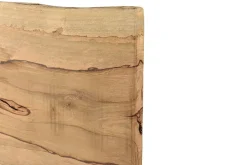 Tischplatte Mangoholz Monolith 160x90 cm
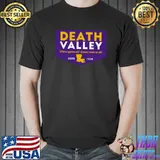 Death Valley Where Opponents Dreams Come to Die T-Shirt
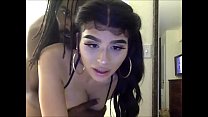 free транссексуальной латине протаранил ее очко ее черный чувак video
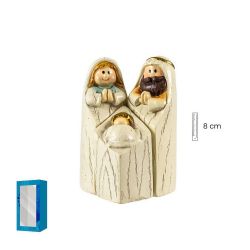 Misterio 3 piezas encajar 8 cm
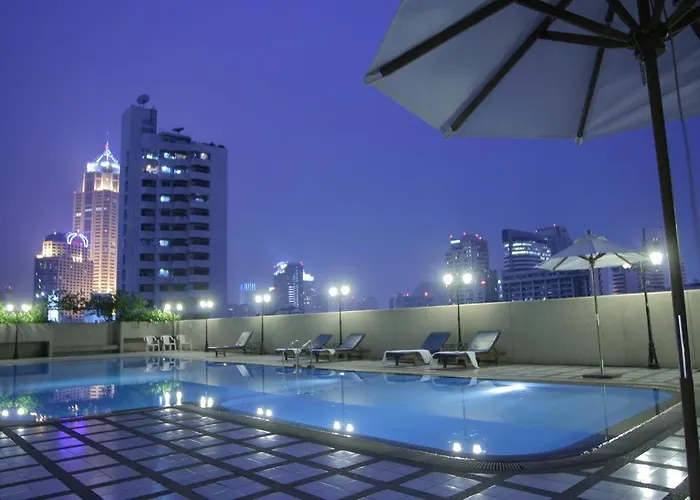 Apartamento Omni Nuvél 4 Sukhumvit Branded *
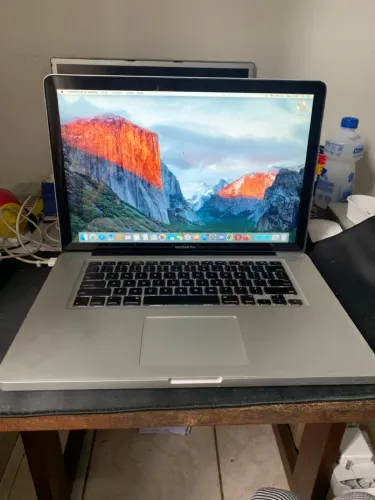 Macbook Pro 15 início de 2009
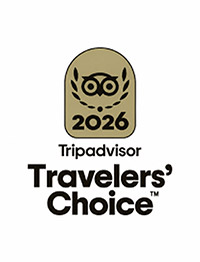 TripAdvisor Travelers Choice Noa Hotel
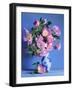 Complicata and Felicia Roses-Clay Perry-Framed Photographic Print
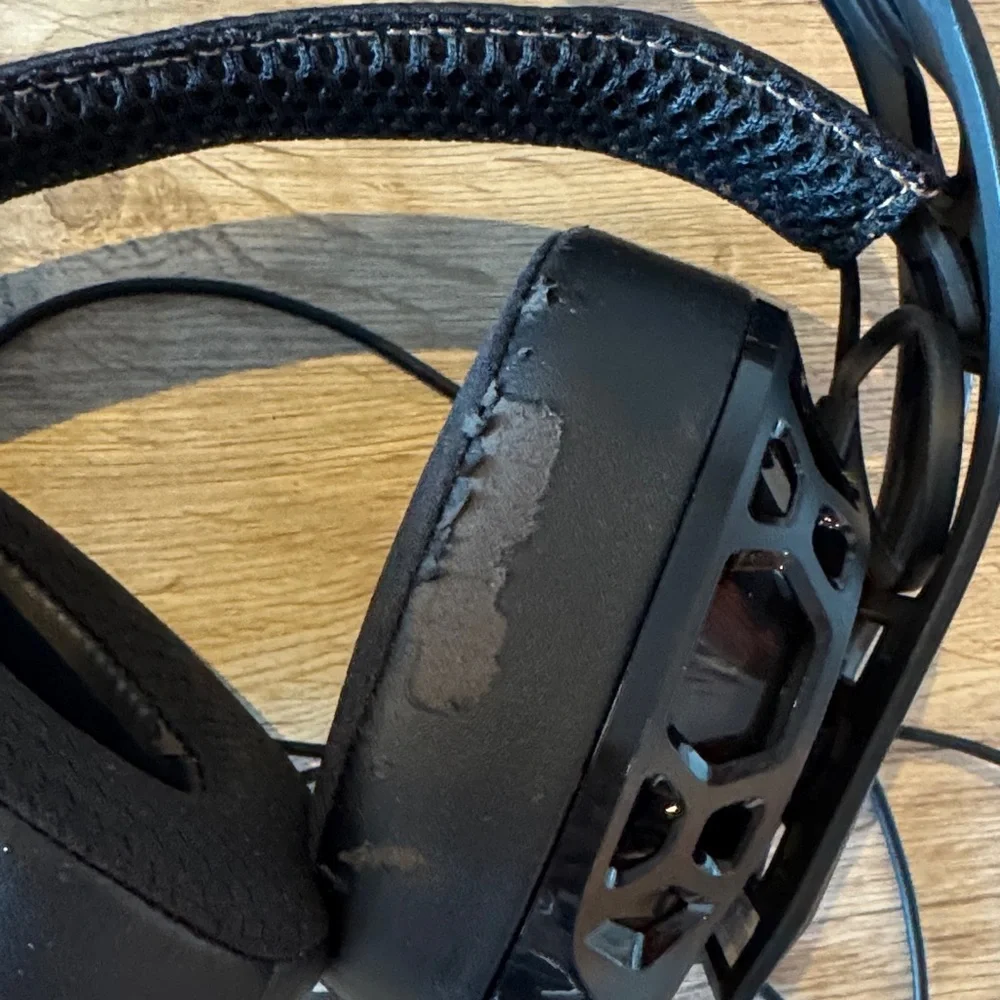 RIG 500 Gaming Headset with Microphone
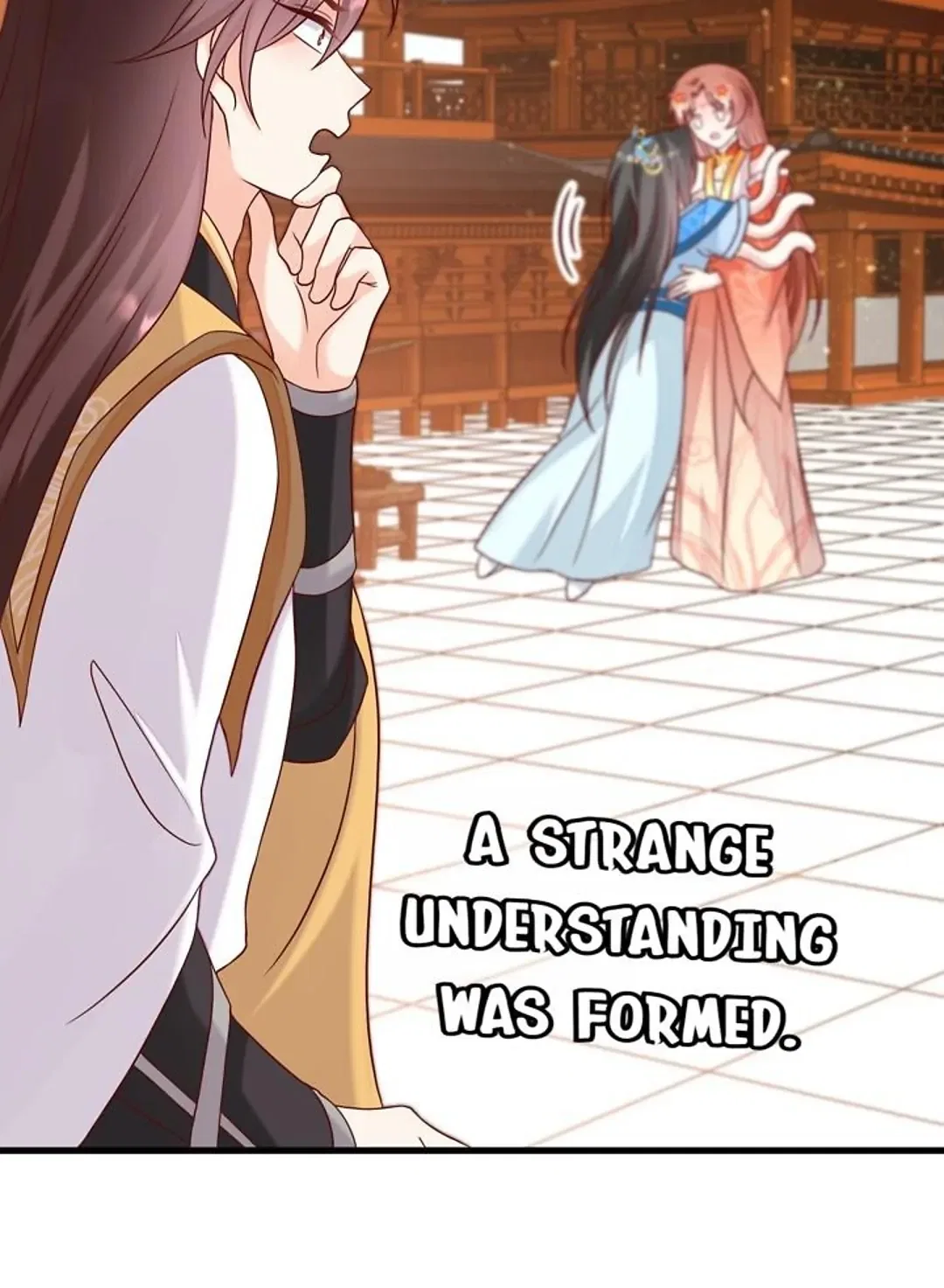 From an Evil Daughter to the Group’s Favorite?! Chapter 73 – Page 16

...

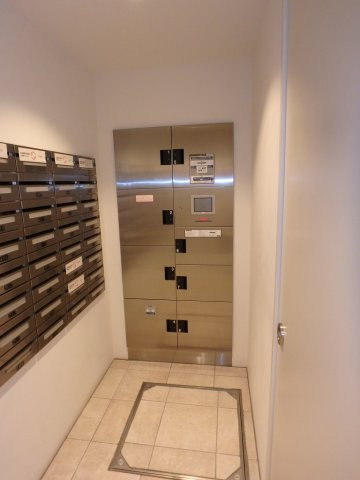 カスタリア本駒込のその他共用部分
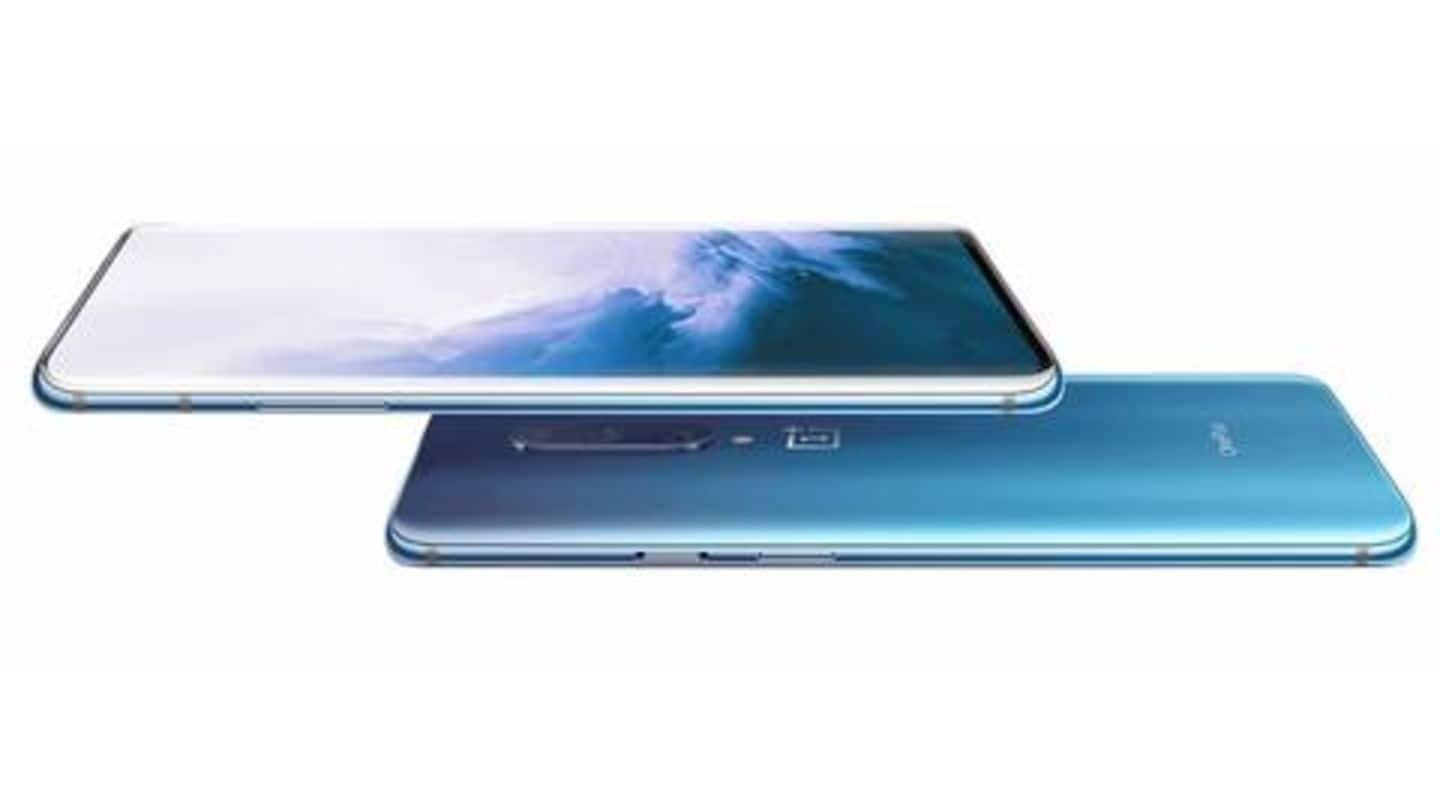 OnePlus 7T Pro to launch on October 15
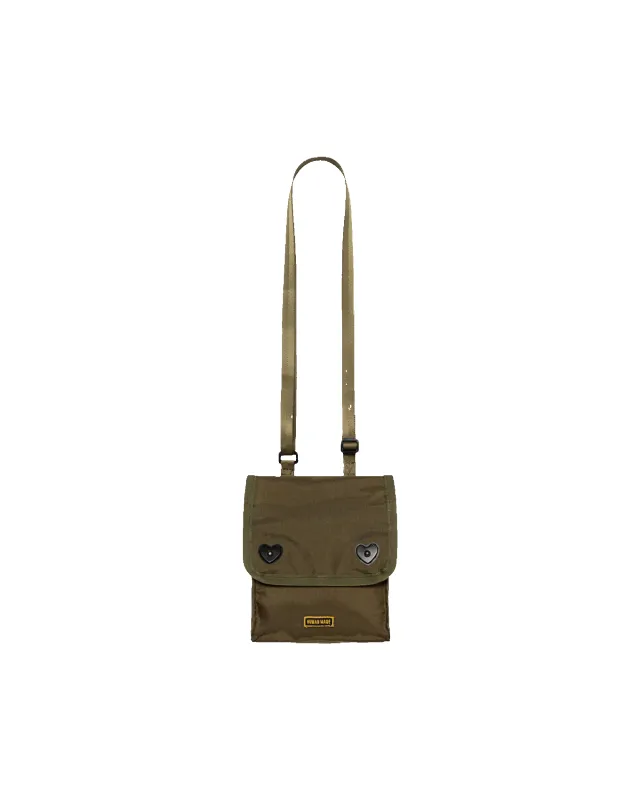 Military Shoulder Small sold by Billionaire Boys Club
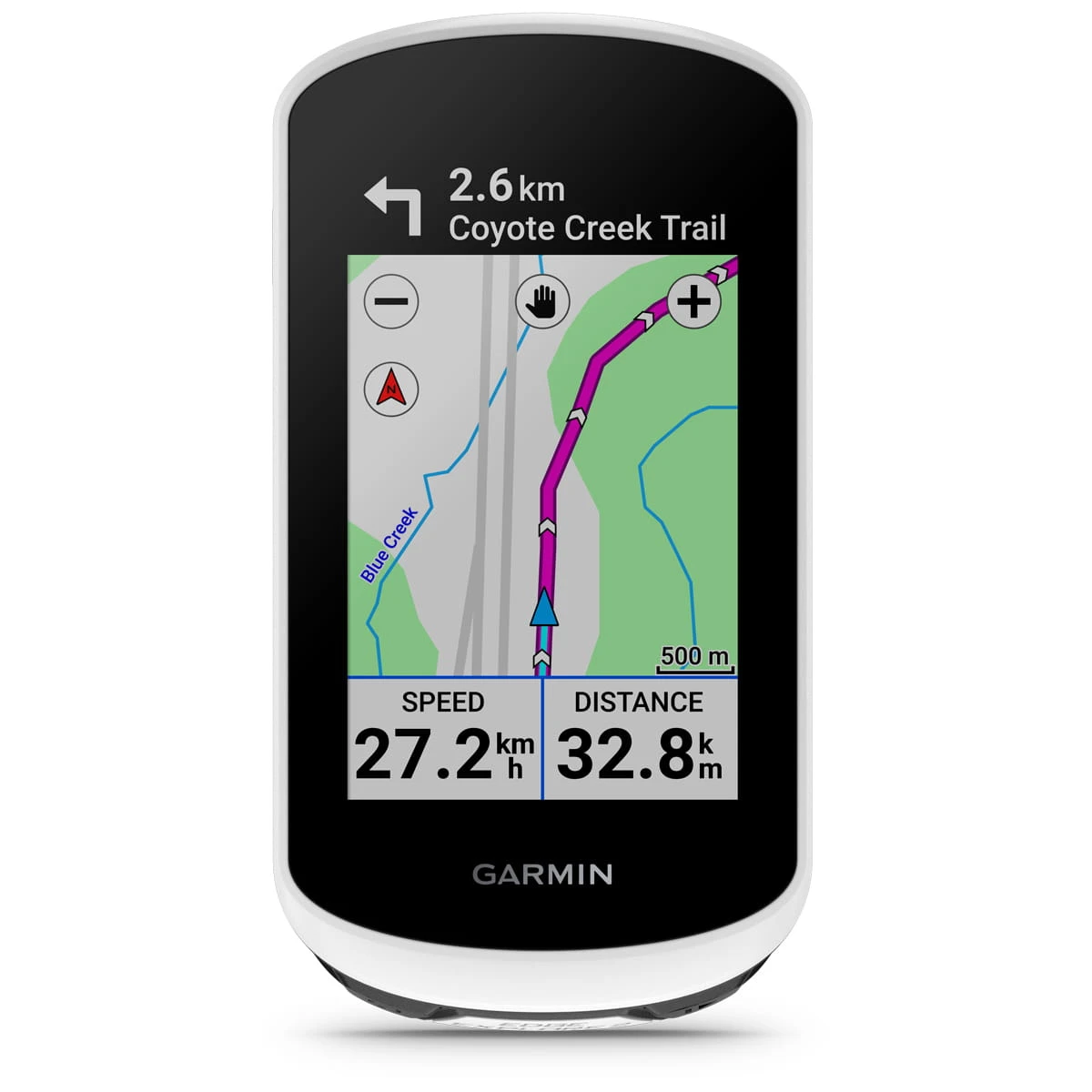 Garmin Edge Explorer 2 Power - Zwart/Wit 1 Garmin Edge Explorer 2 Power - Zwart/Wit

## [EXERCISE OBJECTIVE]
Give back the exact lines above, running from the one that has "Death Valley Where" through the one that has "From an Evil", with nothing added and no pictures.

## [COMPLETED TASK]
 Death Valley Where Opponents Dreams Come to Die T-Shirt
 free транссексуальной латине протаранил ее очко ее черный чувак video
 Misterio 3 piezas encajar 8 cm
 Apartamento Omni Nuvél 4 Sukhumvit Branded *
 Macbook Pro 15 início de 2009
 TripAdvisor Travelers Choice Noa Hotel
 Complicata and Felicia Roses-Clay Perry-Framed Photographic Print
 RIG 500 Gaming Headset with Microphone
 From an Evil Daughter to the Group’s Favorite?! Chapter 73 – Page 16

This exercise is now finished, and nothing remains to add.